→ **Data extracts**:
%%
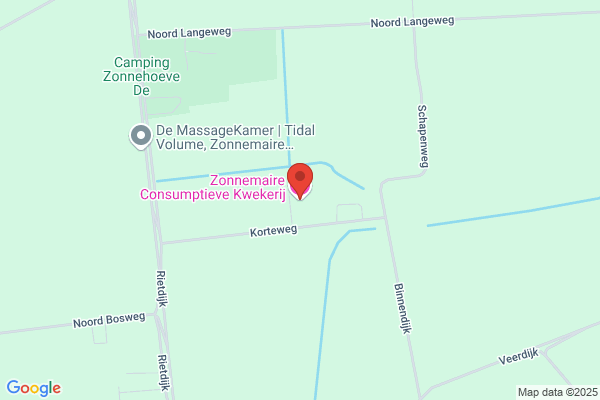 L J A Klompe Cv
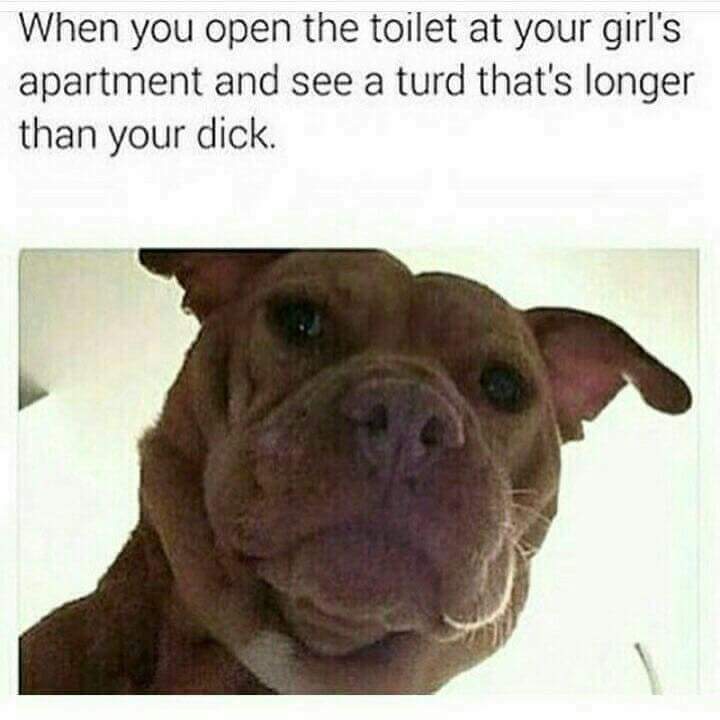 memes - he goes too deep meme - When you open the toilet at your girl's apartment and see a turd that's longer than your dick.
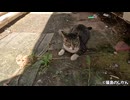 猫ってこういうとこ入りたがりだよね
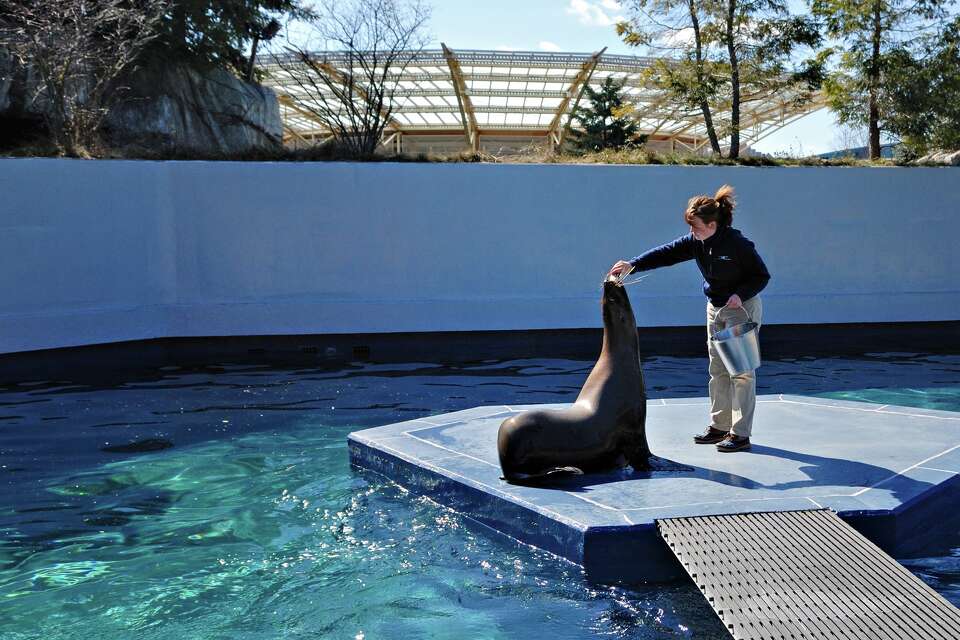 Mystic Aquarium Announces Death Of Steller Sea Lion, Astro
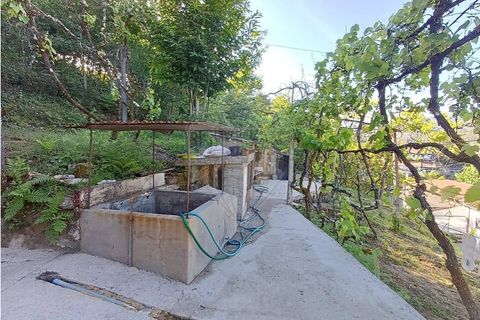 Villa i Cabeceiras de Basto, Braga, Cabeceiras de Basto - € 123.000 | Ref: 126311008-164 - foto 15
%%
→ **Task instructions**: Excluding all pictures, print exactly and only the lines from the line with "猫ってこういうとこ入りたがりだよね" through the end of the records above, both ends included.

→ **Solved exercise**:
 猫ってこういうとこ入りたがりだよね
 Mystic Aquarium Announces Death Of Steller Sea Lion, Astro
 Villa i Cabeceiras de Basto, Braga, Cabeceiras de Basto - € 123.000 | Ref: 126311008-164 - foto 15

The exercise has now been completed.